> _About this task_:
What you return must be every line below that includes the word "Wedding".

> _Provided information_:
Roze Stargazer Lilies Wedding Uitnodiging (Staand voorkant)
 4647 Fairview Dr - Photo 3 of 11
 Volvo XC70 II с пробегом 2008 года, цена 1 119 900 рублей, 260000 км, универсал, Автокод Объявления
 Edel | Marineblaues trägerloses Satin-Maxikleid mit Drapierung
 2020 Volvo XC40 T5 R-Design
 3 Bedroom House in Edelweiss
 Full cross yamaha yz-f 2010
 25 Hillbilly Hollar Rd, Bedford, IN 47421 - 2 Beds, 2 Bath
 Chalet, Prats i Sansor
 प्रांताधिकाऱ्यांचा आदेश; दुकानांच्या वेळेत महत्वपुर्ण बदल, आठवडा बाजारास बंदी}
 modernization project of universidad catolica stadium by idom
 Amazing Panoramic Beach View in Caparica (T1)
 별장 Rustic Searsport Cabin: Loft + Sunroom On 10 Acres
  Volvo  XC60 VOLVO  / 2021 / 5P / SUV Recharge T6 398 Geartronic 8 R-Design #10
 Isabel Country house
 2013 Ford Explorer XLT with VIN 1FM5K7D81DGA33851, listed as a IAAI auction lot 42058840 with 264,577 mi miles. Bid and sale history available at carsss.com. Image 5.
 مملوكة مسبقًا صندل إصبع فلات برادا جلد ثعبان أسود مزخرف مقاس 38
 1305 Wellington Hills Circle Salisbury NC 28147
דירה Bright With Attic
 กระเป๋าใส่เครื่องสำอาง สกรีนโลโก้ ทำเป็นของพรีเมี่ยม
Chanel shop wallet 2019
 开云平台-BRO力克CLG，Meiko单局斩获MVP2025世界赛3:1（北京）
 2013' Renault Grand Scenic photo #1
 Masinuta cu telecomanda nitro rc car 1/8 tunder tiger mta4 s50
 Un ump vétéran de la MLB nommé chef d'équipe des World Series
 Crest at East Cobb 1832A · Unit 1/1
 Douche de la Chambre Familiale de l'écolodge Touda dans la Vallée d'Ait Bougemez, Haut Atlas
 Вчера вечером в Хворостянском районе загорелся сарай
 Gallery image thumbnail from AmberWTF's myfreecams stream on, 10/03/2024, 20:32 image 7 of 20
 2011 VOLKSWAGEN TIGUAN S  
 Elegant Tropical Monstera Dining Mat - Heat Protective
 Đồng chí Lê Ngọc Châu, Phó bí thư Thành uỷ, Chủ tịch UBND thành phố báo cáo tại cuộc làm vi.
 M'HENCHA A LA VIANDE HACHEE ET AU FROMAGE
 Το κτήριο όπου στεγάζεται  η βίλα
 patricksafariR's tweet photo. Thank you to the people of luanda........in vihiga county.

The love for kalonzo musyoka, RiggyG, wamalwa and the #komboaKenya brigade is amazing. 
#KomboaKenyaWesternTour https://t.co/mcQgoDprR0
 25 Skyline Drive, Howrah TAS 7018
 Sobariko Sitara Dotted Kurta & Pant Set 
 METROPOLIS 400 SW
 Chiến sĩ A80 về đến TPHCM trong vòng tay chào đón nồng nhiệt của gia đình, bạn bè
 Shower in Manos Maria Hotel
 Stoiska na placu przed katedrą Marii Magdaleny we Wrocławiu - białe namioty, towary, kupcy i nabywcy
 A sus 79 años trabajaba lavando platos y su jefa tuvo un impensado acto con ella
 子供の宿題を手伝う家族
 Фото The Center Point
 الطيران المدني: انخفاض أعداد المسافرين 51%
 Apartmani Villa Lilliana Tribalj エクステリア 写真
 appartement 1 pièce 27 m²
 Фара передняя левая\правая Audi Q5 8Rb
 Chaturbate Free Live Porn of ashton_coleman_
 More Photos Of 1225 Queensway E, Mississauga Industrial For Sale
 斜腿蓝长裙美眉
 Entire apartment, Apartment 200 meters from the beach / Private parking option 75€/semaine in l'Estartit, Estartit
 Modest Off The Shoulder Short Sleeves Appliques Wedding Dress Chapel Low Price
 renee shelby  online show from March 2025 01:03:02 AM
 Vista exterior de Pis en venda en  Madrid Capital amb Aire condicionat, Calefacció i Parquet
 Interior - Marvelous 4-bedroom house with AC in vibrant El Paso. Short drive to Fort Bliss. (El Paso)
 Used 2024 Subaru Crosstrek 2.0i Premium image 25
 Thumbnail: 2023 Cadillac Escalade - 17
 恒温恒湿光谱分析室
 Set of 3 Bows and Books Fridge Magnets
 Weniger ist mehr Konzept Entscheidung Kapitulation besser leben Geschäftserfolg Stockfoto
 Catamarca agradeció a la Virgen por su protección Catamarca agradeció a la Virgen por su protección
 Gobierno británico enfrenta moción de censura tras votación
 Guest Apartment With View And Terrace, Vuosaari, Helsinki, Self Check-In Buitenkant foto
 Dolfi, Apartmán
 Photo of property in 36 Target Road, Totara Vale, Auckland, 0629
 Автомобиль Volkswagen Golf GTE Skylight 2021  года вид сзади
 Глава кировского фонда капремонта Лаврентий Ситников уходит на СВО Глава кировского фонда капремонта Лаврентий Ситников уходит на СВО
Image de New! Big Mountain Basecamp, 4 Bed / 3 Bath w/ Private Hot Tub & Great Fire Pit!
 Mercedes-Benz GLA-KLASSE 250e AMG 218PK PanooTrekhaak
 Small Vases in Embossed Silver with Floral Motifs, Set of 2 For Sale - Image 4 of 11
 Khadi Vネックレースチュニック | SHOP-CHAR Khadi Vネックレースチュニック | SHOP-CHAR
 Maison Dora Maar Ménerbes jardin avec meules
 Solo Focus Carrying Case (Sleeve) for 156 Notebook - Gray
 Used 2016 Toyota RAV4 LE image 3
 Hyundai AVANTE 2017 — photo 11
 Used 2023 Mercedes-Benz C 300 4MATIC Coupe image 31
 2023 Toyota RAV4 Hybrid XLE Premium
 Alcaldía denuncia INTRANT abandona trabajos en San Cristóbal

> _Solution_:
Roze Stargazer Lilies Wedding Uitnodiging (Staand voorkant)
 Modest Off The Shoulder Short Sleeves Appliques Wedding Dress Chapel Low Price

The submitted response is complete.